━━━ RECORDS TO USE ━━━

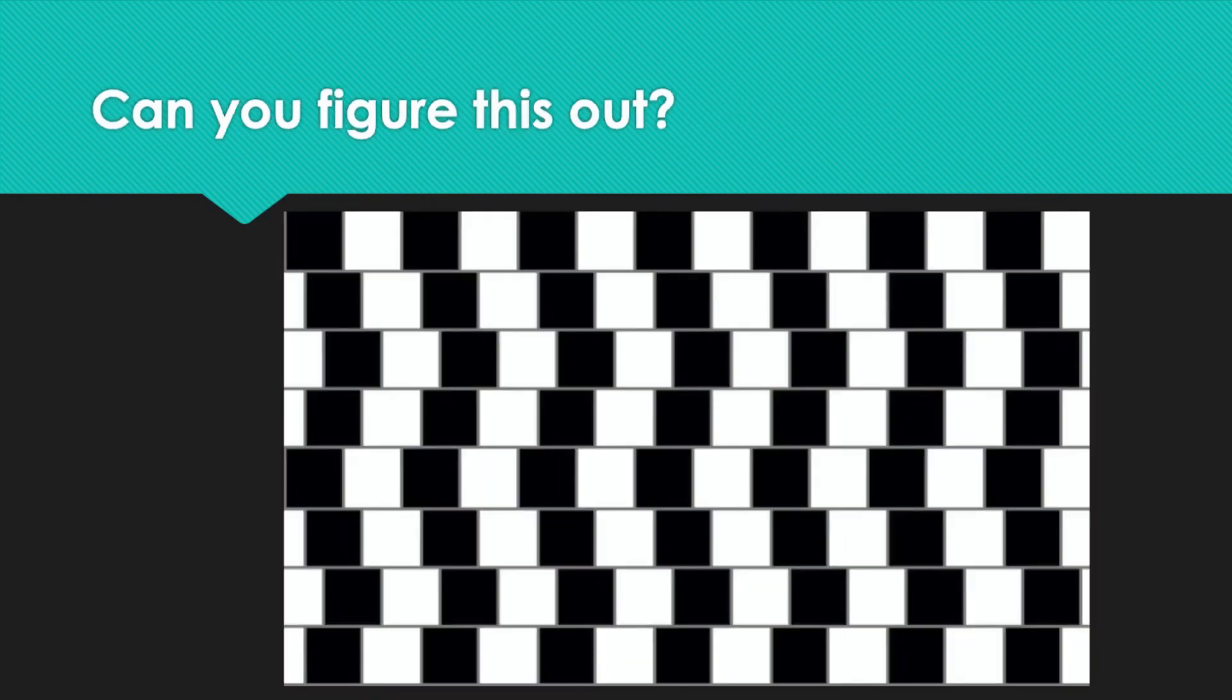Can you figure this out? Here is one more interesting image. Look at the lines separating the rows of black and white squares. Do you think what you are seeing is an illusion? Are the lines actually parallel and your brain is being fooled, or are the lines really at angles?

━━━
━━━ RECORDS TO USE ━━━

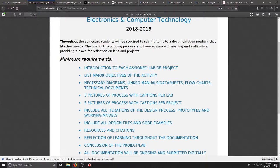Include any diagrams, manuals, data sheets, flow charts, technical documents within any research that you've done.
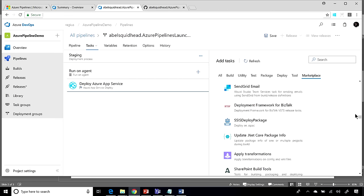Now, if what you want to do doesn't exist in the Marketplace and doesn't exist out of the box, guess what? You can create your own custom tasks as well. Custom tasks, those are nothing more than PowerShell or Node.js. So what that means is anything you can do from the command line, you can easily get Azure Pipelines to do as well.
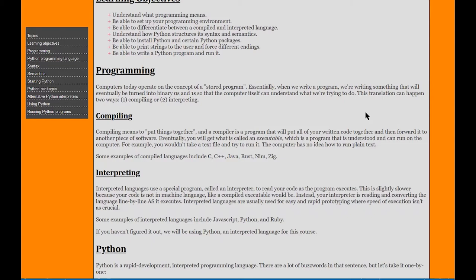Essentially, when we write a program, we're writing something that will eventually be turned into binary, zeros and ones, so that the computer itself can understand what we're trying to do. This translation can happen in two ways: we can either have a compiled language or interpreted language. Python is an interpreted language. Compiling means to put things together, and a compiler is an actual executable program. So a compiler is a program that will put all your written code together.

━━━

* **WHAT IS NEEDED**
Among the records above, locate the line containing "Now, if what" and the line containing "Essentially, when we", then transcribe exactly the lines starting at the first and ending at the second, with no pictures.

* **REPLY TO THE EXERCISE**
Now, if what you want to do doesn't exist in the Marketplace and doesn't exist out of the box, guess what? You can create your own custom tasks as well. Custom tasks, those are nothing more than PowerShell or Node.js. So what that means is anything you can do from the command line, you can easily get Azure Pipelines to do as well.
Essentially, when we write a program, we're writing something that will eventually be turned into binary, zeros and ones, so that the computer itself can understand what we're trying to do. This translation can happen in two ways: we can either have a compiled language or interpreted language. Python is an interpreted language. Compiling means to put things together, and a compiler is an actual executable program. So a compiler is a program that will put all your written code together.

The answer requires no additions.